Vice Media is readying plans to launch a US TV network, and a dozen in Europe next year, as the fast-growing digital video news network moves in on traditional media.
Co-founder Shane Smith said Vice is in expansion mode, now is in 28 countries, and is connecting with viewers on various platforms.
"We want to be able to go to our brands and say we can do TV, we can do mobile, we can do online...we can do everything," Smith told CNBC in an interview this week.
Smith offered no details on the plans. But the New York Post reported this year that Vice was set to acquire the History Channel's H2 cable channel from A&E for its own programming.
Vice declined to respond to an AFP query on its expansion plans.
Vice, which traces its origins to a magazine in Canada, earlier this year launched its own channel in partnership with Canadian-based Rogers Communications, which is producing news, drama, documentaries and programming aimed at the 18-to-34 viewer.
Smith said Vice's revenue is on track to hit $1 billion this year and to double over the next two years. He said acquisition talks have been held "at a valuation of $5 billion" for the Brooklyn-based media group
"We're sort of topping out the valuation that a media company could buy us," he told CNBC.
"And once you get into the next wave it's either the major telco or Apple or Google. Then you have to look at well if we become to expensive for media, do we go public?"
Even though moving into television will be expensive, Smith said it makes sense because that its still a major source of ad revenue.
He said the company could be a "content creation engine" for many platforms.
"So you can actually take money from TV and put it into mobile, which is quite frankly more difficult to monetize," he added.
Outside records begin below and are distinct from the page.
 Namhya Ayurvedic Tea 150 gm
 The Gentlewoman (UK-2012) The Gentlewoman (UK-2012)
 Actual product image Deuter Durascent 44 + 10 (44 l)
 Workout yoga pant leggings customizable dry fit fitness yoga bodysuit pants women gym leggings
Vice, which has raised more than $500 million in funding, gained notoriety for sending former NBA star Dennis Rodman to North Korea in 2013.
It also won praise for a five-part documentary on the inner workings of IS, the militant Islamist group in the Middle East.
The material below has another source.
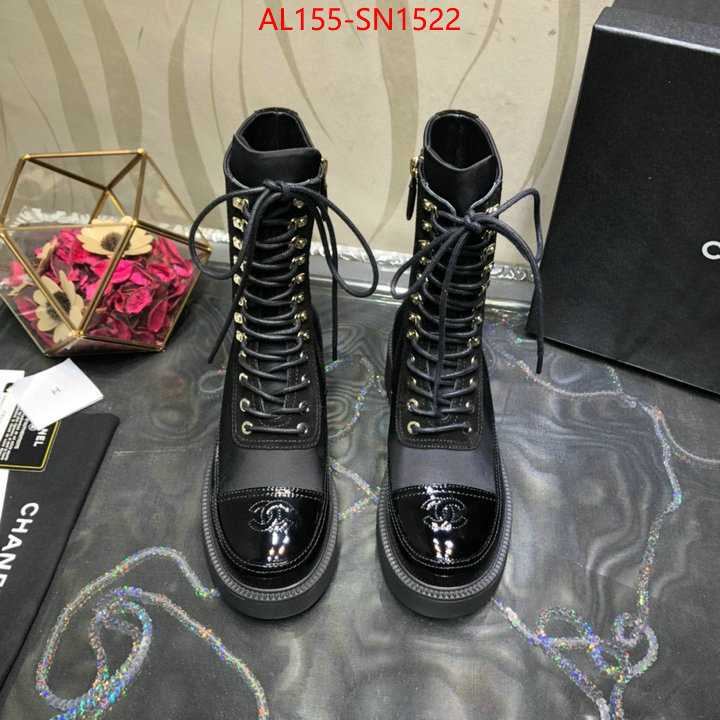 Women Shoes-Chanel,replica 1:1 high quality , ID: SN1522,$: 155USD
Vice operates a popular YouTube channel and also produces news programming for Time Warner's HBO. In France it produces a daily news segment for France 4 television.
- 'It's vindication' -
While Vice has cultivated a "bad boy" image, its success has captured the attention of the media world as it connects with young audiences.
"When we first started with news everyone said, 'oh, Vice is doing news' and sort of look down their nose at us and now Netflix is saying, well, we're going to do a Vice News, The New York Times is saying we're going to do Vice News," Smith said.
"A year ago, everybody was laughing at us. It's vindication."
Investors in Vice include the Murdoch family's 21st Century Fox, cable channel A&E and the Technology Crossover Venture fund.